Q: How many radiation treatments does it take to lose your taste buds?

A: Let's say...12!

I officially cannot taste a gawdam thing now. To try and prove there was a small bit of hope, I bought a Big Mac Meal from McDonald's this afternoon, which is, I know, sacrilegious! Probably close to "zero" nutritional value, but I think that stuff has always been about taste.

Couldn't taste a thing!
It's a bizarre feeling. I see food, know what it tastes like before taking a bite, then chew and swallow it waiting for a hint of flavour. But, no dice!

Will have to figure something out quickly!


#24: Back in 1988, I played on a fastball team that won a provincial championship. Hard to believe that was 24 years ago! So, in a twisted tribute of sorts, I'm replaying that fateful championship day...with no apologies.

This essay is kind of multi-faceted; part nostalgia, part tirade, part knit-pick and part jubilation. I find it interesting how we can remember little things when reflecting on past adventures. I mean, over two decades have passed, but the images of that summer afternoon in 1988 are just so vivid.

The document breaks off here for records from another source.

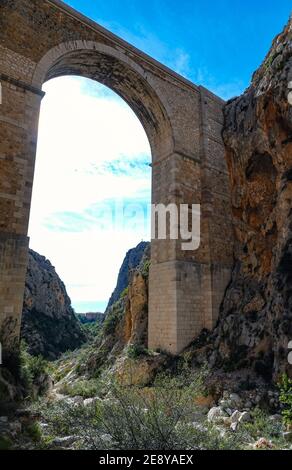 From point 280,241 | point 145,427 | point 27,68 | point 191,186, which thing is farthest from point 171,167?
point 145,427

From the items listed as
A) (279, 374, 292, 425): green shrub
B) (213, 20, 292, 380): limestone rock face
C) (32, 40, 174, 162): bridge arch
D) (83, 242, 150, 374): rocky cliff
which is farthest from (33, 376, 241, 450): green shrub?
(32, 40, 174, 162): bridge arch

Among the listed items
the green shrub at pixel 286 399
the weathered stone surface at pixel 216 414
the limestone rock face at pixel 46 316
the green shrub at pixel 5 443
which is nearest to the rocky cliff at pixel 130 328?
the weathered stone surface at pixel 216 414

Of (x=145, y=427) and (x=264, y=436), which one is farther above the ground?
(x=145, y=427)

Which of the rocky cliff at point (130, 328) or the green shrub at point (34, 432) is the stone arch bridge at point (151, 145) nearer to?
the rocky cliff at point (130, 328)

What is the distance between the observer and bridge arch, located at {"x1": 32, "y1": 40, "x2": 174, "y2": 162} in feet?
38.5

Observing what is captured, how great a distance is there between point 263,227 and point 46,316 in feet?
93.8

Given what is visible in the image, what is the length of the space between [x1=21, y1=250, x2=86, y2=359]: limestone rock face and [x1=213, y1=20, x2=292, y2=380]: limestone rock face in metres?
22.0

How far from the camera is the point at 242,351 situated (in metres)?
10.9

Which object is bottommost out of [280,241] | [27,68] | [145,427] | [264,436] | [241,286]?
[264,436]

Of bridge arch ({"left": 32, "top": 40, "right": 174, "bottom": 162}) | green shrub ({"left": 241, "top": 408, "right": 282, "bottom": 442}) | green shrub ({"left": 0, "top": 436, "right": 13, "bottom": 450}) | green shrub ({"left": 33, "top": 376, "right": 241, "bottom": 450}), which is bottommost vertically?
green shrub ({"left": 241, "top": 408, "right": 282, "bottom": 442})

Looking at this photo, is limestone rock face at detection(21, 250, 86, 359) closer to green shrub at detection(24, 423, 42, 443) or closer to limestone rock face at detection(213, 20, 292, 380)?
limestone rock face at detection(213, 20, 292, 380)

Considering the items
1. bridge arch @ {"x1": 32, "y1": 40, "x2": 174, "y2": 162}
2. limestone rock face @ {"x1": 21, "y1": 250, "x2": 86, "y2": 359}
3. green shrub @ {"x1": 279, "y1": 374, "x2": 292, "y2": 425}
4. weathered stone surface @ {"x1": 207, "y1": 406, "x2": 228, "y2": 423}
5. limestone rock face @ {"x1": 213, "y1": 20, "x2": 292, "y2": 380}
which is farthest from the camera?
limestone rock face @ {"x1": 21, "y1": 250, "x2": 86, "y2": 359}

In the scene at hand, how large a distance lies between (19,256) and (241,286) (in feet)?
27.3

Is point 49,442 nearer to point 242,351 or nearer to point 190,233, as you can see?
point 242,351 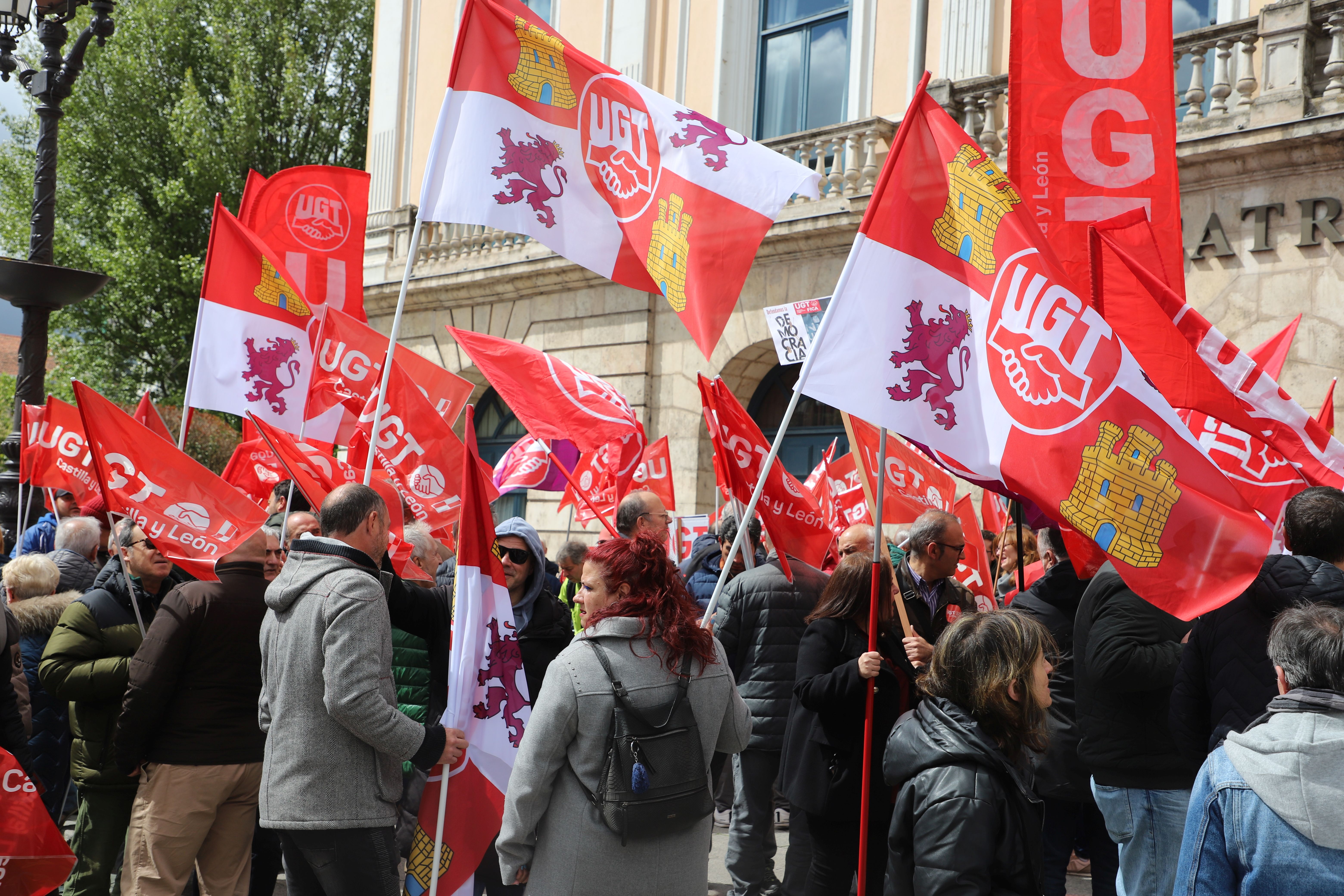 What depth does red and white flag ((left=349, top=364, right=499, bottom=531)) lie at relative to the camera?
6133mm

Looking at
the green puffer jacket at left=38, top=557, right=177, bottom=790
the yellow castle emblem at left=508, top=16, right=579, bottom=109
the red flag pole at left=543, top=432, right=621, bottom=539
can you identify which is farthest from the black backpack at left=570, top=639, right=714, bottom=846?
the red flag pole at left=543, top=432, right=621, bottom=539

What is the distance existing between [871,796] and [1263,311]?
7536mm

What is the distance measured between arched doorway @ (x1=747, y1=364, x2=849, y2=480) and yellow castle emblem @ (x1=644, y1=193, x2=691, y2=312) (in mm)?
8651

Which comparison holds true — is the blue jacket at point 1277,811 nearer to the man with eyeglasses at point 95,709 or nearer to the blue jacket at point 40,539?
the man with eyeglasses at point 95,709

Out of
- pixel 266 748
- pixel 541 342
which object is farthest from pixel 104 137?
pixel 266 748

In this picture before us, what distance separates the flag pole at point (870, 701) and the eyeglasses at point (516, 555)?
1.52 metres

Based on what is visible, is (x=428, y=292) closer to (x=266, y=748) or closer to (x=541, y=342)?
(x=541, y=342)

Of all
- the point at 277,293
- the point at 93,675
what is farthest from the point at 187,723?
the point at 277,293

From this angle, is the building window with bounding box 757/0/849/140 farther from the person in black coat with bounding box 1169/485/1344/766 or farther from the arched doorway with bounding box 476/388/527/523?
the person in black coat with bounding box 1169/485/1344/766

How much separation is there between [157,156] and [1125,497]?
78.0 ft

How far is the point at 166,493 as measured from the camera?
4.91m

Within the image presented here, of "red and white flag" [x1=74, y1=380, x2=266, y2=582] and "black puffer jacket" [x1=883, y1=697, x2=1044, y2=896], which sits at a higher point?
"red and white flag" [x1=74, y1=380, x2=266, y2=582]

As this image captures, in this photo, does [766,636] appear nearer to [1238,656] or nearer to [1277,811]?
[1238,656]

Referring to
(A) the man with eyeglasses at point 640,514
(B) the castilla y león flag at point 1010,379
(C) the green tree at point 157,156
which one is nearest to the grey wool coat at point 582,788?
(B) the castilla y león flag at point 1010,379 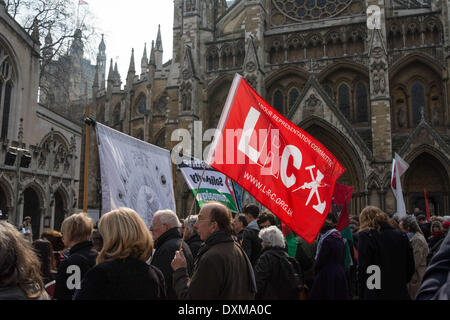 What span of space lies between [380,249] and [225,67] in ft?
74.1

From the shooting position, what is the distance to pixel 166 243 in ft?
13.7

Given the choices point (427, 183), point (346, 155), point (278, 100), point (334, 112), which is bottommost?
point (427, 183)

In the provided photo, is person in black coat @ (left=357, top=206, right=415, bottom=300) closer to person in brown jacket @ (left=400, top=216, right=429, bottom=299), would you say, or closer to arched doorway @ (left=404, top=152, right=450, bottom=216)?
person in brown jacket @ (left=400, top=216, right=429, bottom=299)

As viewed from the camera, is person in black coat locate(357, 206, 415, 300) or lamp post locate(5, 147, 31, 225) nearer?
person in black coat locate(357, 206, 415, 300)

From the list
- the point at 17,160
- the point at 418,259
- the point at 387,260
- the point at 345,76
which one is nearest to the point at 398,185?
the point at 418,259

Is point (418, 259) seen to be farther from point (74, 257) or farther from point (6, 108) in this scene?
point (6, 108)

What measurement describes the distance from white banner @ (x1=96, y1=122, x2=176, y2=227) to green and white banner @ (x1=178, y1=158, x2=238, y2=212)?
119 cm

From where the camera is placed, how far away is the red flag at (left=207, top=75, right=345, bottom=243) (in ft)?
17.7

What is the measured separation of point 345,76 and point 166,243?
74.4 ft

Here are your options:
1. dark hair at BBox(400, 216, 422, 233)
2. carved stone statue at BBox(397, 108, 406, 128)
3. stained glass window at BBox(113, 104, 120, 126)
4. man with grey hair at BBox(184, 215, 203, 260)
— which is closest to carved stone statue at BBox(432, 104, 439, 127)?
carved stone statue at BBox(397, 108, 406, 128)

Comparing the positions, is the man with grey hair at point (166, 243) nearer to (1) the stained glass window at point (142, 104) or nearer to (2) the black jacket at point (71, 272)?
(2) the black jacket at point (71, 272)

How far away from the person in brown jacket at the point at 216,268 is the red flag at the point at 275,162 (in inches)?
63.6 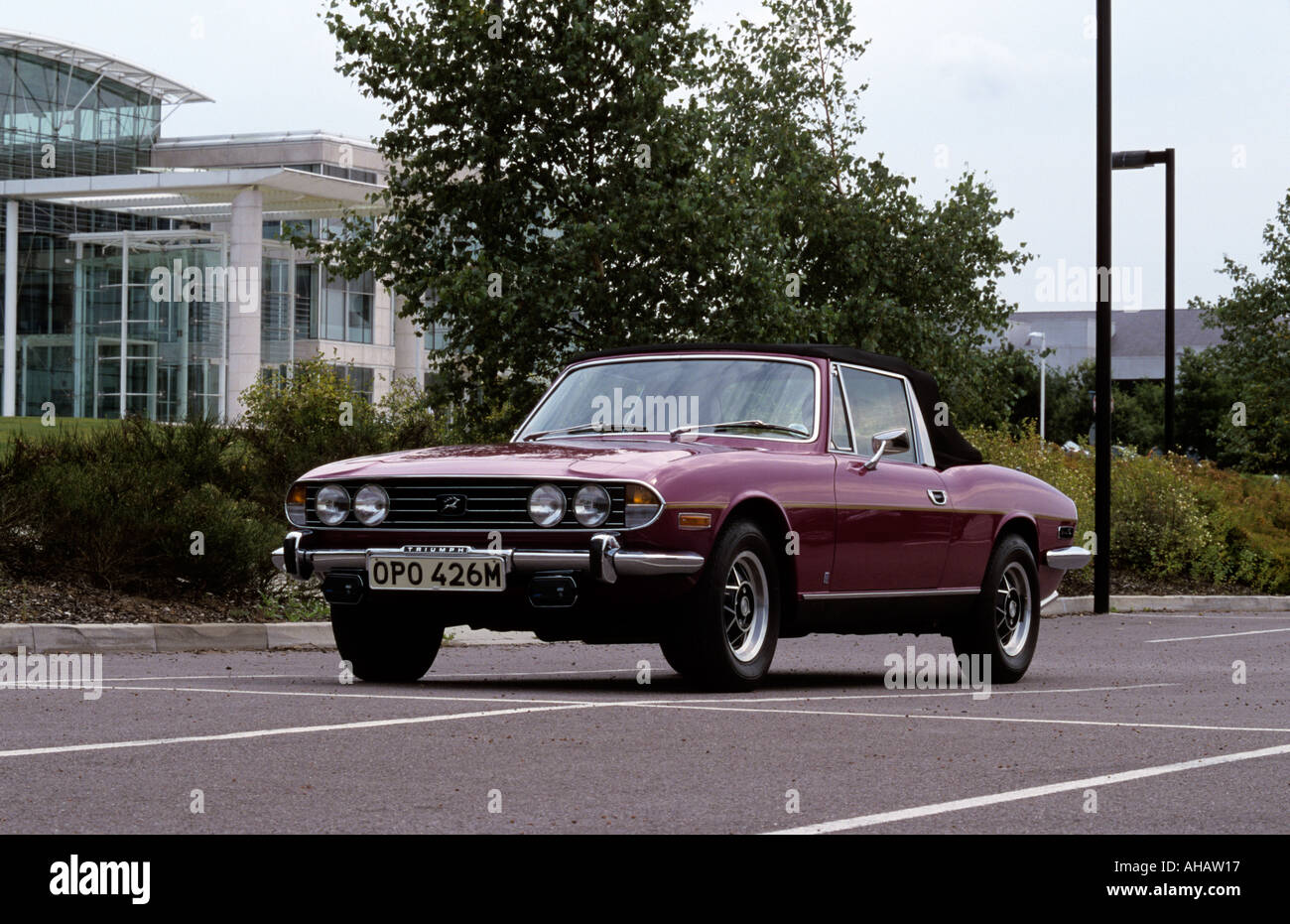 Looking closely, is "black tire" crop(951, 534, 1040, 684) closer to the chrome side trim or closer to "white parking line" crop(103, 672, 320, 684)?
the chrome side trim

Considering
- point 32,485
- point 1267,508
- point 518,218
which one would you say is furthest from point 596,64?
point 1267,508

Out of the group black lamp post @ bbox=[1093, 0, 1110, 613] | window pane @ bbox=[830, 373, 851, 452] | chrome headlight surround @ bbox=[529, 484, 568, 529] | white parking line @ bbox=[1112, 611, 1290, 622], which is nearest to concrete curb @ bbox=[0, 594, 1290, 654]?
window pane @ bbox=[830, 373, 851, 452]

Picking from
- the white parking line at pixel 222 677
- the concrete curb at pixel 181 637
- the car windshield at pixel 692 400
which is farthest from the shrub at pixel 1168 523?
the white parking line at pixel 222 677

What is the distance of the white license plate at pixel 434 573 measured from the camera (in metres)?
8.80

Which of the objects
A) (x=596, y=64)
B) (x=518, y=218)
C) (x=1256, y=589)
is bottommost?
(x=1256, y=589)

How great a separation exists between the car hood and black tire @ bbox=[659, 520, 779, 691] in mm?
508

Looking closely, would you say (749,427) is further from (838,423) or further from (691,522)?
(691,522)

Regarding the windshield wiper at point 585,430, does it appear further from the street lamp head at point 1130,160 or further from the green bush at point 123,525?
the street lamp head at point 1130,160

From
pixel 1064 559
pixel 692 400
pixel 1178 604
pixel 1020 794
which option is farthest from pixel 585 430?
pixel 1178 604

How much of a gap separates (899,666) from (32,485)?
651 centimetres

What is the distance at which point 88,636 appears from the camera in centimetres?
1241

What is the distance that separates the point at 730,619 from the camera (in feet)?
30.4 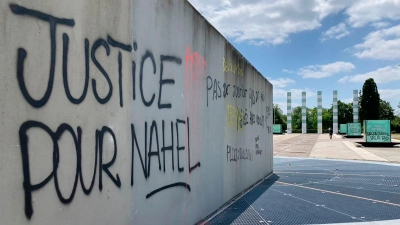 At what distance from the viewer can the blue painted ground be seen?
5887 mm

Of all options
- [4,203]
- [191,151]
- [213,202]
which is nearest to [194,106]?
[191,151]

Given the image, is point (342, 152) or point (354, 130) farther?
point (354, 130)

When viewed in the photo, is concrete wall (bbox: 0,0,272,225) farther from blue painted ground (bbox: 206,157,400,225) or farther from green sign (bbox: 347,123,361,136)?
green sign (bbox: 347,123,361,136)

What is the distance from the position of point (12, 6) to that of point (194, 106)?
3.35 metres

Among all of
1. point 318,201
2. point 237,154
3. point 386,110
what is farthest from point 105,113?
point 386,110

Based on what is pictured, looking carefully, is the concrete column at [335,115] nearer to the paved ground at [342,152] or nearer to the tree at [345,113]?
the tree at [345,113]

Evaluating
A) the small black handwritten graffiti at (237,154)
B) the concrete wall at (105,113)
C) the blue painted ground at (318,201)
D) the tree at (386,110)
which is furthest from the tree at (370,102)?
the concrete wall at (105,113)

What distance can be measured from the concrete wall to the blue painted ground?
3.09 feet

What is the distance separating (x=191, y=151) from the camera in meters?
5.19

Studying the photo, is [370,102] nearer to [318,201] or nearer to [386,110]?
[386,110]

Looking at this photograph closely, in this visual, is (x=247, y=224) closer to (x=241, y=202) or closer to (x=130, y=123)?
(x=241, y=202)

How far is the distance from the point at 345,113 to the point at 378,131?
3137 inches

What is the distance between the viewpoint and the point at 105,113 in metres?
3.18

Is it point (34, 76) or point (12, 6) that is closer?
point (12, 6)
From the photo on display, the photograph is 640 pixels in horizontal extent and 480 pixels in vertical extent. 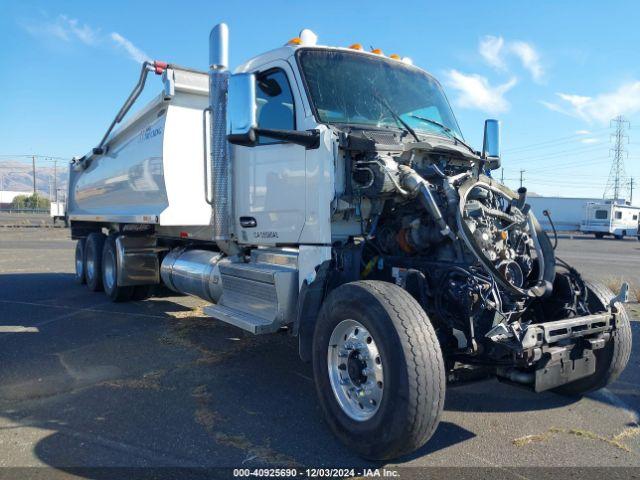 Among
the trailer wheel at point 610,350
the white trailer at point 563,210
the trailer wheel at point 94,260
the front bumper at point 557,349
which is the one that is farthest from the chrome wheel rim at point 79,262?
the white trailer at point 563,210

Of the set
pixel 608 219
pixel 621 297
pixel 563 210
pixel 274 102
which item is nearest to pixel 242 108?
pixel 274 102

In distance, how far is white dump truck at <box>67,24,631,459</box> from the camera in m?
3.40

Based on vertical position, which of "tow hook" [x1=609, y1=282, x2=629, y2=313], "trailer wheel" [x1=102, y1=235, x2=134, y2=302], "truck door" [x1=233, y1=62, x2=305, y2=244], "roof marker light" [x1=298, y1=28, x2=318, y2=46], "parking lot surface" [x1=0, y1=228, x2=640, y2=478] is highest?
"roof marker light" [x1=298, y1=28, x2=318, y2=46]

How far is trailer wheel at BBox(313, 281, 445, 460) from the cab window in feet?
6.50

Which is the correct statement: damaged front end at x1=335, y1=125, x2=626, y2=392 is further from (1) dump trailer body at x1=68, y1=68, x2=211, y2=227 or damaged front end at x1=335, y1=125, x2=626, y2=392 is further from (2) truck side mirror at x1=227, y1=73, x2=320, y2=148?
(1) dump trailer body at x1=68, y1=68, x2=211, y2=227

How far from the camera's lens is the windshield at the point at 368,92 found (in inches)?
187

(I’d love to hear stories about this tournament from a few other points of view.)

I’ve been wearing my old championship ring for the past few weeks, not sure why, but these days it seems to have some extra meaning in my wacky world of faith and reflection.

Our sponsor was a chemical supply company called Oliver Agricultural Supply, I think…

The Saskatoon Oliver Jets, 1988 Intermediate “C” Provincial Champions. The tournament was played in Canwood, Saskatchewan. This is actually my wife’s hometown, but at that point in our lives, we had not yet crossed paths.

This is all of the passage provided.